気が付くと僕は見知らぬ部屋で見知らぬ女性と一緒に居た。しかも「僕」は何故か 女性の姿になっていたし、知らない内に時間が5年も経過していた。更に自分だと 思っていた人物が他に存在しているという。

いきなり蠱惑的な状況を提示される。登場人物と同様の謎を突きつけられ困惑 しつつも、先の展開が気になって仕方がない。傍目にはSF的な展開にしか思えないが、 安易にSF的プロットを採択しては居ない。あくまでも論理的に話は進み、そしてそれが 二転三転し・・・・・・

井上夢人氏の某作品を先に読んでいたので、何となく似たようなイメージを抱いていたけど そのアプローチは全く違うものであった。作中での論理的な展開に見事に振り回されつつ、 ラストへの収斂は綺麗に纏めてくれた。
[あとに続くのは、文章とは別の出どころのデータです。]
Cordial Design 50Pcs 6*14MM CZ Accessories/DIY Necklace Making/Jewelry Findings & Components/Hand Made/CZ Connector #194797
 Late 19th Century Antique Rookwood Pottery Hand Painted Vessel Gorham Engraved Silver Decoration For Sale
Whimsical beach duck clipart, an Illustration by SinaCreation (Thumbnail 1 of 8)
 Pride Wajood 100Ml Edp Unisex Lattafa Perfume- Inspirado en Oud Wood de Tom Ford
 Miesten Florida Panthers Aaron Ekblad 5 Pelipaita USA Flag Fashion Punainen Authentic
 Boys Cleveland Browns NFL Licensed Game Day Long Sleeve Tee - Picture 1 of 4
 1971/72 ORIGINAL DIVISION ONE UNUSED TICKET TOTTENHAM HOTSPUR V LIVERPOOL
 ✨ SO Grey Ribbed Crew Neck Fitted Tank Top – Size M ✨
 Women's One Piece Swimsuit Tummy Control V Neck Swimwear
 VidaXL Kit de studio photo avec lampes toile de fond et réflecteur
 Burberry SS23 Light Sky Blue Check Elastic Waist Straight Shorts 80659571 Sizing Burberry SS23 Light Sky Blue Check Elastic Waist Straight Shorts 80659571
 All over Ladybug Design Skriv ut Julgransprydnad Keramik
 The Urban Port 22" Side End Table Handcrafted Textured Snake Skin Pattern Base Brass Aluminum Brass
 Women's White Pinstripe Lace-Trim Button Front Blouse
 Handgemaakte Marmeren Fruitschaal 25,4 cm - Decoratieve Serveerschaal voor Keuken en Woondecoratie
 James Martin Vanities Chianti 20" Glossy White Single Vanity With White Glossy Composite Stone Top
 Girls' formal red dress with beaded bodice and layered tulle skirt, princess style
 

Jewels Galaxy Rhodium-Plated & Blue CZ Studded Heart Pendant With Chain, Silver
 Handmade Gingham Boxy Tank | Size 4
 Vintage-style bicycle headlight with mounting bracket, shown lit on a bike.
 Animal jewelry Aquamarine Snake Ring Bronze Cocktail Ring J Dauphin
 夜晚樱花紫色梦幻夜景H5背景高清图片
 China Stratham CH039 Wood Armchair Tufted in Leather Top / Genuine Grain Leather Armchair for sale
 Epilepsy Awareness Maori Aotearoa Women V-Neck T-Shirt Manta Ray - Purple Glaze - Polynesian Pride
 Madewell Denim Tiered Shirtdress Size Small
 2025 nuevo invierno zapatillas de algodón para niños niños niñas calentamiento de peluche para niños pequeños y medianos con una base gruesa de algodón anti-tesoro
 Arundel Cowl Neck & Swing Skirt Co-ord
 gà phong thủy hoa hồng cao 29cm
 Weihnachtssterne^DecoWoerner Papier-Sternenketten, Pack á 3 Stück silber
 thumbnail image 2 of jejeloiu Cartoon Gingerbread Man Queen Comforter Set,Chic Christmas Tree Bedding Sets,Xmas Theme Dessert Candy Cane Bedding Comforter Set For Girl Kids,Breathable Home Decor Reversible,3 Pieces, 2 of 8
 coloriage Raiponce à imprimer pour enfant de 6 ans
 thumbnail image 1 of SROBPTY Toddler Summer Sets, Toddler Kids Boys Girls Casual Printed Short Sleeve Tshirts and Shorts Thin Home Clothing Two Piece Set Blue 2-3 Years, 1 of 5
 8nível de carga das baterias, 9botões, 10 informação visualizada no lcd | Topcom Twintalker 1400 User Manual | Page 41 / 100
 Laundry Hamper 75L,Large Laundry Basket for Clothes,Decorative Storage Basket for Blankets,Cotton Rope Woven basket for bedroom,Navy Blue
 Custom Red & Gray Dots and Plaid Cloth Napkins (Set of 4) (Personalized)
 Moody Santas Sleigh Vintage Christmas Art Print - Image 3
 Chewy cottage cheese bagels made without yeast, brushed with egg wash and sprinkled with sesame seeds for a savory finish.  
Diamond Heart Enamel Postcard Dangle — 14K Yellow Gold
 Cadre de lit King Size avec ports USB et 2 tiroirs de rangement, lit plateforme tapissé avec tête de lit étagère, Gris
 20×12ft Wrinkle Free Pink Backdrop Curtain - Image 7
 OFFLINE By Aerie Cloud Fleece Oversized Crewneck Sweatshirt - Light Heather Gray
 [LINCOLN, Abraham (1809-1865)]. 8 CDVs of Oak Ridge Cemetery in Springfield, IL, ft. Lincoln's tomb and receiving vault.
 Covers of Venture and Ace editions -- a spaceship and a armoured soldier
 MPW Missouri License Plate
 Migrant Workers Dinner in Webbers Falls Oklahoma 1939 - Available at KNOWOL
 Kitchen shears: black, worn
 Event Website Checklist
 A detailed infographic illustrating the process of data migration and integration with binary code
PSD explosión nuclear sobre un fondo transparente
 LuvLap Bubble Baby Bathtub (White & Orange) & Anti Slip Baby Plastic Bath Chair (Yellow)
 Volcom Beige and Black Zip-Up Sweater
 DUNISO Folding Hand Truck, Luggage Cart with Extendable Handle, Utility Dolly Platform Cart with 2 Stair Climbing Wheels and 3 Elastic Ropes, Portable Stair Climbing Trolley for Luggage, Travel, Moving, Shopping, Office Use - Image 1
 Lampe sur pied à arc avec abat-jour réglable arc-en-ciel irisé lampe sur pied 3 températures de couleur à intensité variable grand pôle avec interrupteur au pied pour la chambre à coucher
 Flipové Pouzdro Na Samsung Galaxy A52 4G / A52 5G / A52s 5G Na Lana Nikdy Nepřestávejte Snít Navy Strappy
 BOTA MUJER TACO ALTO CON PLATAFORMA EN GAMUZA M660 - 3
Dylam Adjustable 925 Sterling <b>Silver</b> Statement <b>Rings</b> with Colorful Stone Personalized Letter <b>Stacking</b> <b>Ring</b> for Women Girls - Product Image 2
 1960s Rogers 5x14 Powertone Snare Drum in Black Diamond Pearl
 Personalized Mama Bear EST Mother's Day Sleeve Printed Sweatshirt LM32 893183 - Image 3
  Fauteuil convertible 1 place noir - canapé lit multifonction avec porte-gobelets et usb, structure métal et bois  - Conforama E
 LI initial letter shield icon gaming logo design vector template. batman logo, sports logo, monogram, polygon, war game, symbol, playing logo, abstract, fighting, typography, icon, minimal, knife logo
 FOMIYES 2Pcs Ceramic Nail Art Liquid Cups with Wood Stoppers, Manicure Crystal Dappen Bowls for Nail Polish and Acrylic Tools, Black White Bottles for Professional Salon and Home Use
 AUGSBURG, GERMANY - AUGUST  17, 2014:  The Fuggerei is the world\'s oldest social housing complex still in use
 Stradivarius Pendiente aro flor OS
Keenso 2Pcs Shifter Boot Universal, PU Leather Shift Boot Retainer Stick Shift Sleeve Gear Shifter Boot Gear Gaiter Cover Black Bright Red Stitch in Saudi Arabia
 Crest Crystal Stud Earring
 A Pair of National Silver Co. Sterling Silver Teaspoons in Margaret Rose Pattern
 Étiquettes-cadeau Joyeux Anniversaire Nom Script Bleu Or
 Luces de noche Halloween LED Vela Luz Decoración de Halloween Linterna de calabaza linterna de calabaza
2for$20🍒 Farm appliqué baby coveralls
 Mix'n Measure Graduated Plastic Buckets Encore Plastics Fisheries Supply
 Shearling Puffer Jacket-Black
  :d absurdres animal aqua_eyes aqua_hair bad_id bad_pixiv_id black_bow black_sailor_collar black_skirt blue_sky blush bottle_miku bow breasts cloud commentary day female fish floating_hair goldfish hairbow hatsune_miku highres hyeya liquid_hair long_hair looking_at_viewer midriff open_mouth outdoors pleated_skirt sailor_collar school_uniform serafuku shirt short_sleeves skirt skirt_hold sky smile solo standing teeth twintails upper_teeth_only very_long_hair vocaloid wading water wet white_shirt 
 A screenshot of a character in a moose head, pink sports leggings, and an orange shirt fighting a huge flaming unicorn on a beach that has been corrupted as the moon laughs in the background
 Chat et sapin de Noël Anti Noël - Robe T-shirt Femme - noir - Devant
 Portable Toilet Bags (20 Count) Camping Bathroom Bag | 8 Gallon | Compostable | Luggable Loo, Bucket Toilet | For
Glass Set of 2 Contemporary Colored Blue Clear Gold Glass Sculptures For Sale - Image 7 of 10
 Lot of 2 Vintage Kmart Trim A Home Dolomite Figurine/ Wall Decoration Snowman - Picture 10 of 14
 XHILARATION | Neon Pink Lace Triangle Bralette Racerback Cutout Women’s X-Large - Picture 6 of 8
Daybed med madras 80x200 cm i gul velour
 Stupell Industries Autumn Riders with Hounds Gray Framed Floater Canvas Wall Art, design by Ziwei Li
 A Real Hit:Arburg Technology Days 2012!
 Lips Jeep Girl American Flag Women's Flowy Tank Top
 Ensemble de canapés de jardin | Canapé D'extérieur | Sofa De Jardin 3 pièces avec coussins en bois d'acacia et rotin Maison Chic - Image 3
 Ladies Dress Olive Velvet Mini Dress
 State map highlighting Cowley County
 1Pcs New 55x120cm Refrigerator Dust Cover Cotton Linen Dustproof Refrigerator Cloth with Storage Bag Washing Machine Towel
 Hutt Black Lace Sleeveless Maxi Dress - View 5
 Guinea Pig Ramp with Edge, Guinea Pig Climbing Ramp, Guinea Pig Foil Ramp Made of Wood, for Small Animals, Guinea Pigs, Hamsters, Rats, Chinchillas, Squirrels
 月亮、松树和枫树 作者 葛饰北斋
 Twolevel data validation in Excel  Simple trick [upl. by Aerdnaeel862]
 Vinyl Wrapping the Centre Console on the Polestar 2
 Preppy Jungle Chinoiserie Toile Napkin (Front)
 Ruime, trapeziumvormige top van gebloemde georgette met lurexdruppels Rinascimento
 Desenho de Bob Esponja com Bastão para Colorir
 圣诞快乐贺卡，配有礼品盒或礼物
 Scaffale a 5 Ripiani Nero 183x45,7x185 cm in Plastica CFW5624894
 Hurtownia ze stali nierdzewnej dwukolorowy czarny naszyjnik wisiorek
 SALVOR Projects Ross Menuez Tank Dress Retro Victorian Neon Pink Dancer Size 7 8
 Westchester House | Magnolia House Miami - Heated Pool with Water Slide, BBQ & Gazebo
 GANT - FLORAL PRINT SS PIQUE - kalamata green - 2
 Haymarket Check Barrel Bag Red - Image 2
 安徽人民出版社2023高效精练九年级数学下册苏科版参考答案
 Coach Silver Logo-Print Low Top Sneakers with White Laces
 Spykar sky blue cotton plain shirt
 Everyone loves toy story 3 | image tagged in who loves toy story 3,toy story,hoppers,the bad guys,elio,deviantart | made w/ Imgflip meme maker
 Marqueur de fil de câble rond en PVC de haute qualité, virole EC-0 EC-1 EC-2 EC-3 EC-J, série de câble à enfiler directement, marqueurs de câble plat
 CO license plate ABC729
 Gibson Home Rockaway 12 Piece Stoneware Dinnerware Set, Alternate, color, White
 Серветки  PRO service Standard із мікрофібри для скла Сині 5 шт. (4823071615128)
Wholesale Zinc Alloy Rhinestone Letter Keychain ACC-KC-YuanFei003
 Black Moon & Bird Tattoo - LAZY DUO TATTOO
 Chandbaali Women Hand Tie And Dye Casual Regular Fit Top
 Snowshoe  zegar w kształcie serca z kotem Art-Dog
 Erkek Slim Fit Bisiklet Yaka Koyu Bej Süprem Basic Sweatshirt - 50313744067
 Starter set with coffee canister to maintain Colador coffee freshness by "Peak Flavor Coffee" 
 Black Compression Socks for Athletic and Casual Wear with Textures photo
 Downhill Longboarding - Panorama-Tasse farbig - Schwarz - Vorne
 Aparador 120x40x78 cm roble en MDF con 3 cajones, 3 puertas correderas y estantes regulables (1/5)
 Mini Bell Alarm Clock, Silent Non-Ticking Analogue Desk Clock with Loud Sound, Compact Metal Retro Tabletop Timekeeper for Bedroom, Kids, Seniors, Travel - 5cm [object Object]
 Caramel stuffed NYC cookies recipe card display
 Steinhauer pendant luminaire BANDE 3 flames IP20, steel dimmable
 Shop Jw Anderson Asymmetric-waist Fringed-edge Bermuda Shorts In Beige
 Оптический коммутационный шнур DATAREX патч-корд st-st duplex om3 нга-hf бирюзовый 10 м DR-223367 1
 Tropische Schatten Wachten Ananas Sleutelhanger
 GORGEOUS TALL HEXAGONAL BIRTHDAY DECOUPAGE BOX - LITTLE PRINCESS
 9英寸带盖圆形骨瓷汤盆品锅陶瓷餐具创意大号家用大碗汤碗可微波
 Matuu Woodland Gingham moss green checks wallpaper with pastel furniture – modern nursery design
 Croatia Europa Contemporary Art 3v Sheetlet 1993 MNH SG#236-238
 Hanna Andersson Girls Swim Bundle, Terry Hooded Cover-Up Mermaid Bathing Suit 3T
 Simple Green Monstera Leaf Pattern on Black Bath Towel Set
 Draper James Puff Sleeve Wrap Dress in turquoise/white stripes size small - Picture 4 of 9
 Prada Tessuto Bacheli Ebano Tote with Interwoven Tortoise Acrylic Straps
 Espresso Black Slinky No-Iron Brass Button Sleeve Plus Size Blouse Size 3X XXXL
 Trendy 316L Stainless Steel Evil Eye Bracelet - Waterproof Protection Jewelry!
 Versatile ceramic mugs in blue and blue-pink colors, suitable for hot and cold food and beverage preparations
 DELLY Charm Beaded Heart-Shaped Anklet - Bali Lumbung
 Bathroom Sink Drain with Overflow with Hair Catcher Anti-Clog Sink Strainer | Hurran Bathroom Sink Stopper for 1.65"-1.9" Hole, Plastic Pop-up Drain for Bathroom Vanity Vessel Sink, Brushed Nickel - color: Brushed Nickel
若干バタバタしすぎた感も無くは無いが、それにしてもちょっとばかり残念なのが、 この現象に関する説明が物足りなく、リアリティが多少なりとも喪われてしまっている 事だろうか。


■硝子のドレス
新潮社 1996/03/20 初版
本体価格 1600円
2002/03/30 記録

「君が必要だ。他の誰でもない」

菅見が海外出張から帰ってくると、恋人の実咲が行方不明になっていた。実咲を見つけるため 手がかりを探し求める菅見は、アルバムにあった1枚の写真にいきつく。時を同じくして菅見が 昔憧れていた千夏がとあるダイエットコンテストに出場する事になる。そして事態は意外な展開へ。

プロットが複雑で叙述的な要素があるために梗概が書きにくい。狙いは解るのだけど、プロットを 捻り過ぎなのではないだろうか。前半から中盤にかけての展開が目まぐるしく、それに加えて 中途半端に叙述的要素が含まれているために、文章が不自然にぼやけてくる。

複雑なプロットと、小手先のトリックがうまく噛み合わさっていないようで、読んでいて時々軋んでいる ような印象を受けた。ラストの落とし方もなんだか平凡すぎて、大山鳴動して鼠一匹と云った 感じか。いや、それも作者の狙いのような気がしてくるが・・・・・・

それにしても、ここぞという盛り上がりがなかったような気がするのが残念だ。


■猿の証言
新潮社 1997/08/20 初版
本体価格 1800円(税別)
2002/04/26 記録

「凄いスキャンダルになる」

チンパンジィの言語能力を研究する井手元が飼育していた天才チンパンジィ・カエデ。 ある事件を契機に大学を追われ失踪した井手元。隠れ家に遺されていた、人間の 言葉を理解するというカエデは、その隠れ家で起きた事件の唯一の目撃者だった。



シチュエイションがユニーク。人間の言語をある程度理解している(かも知れない)けど、 言葉は話せないしコミュニケイションが難しい。唯一の目撃者がいるにも関わらず事件を あっさりと終わらせてくれない。

プロットはかなり練られているけど、ちょっと前半の設定付けに手間取ったかもしれない。 説明的な描写が続くのでこの辺りをもう少しすっきりできれば、読者に対する牽引力が あがったかもしれない。

必要以上にチンパンジィら実験動物に対するヒューマニズムが描写されなったのも 良い選択。まったく皆無では無いものの、登場人物総てがヒューマニズム全開だったら かなりウンザリしていただろう。

地味ながら佳作。でももうちょっと盛り上がりがあっても良かったかな。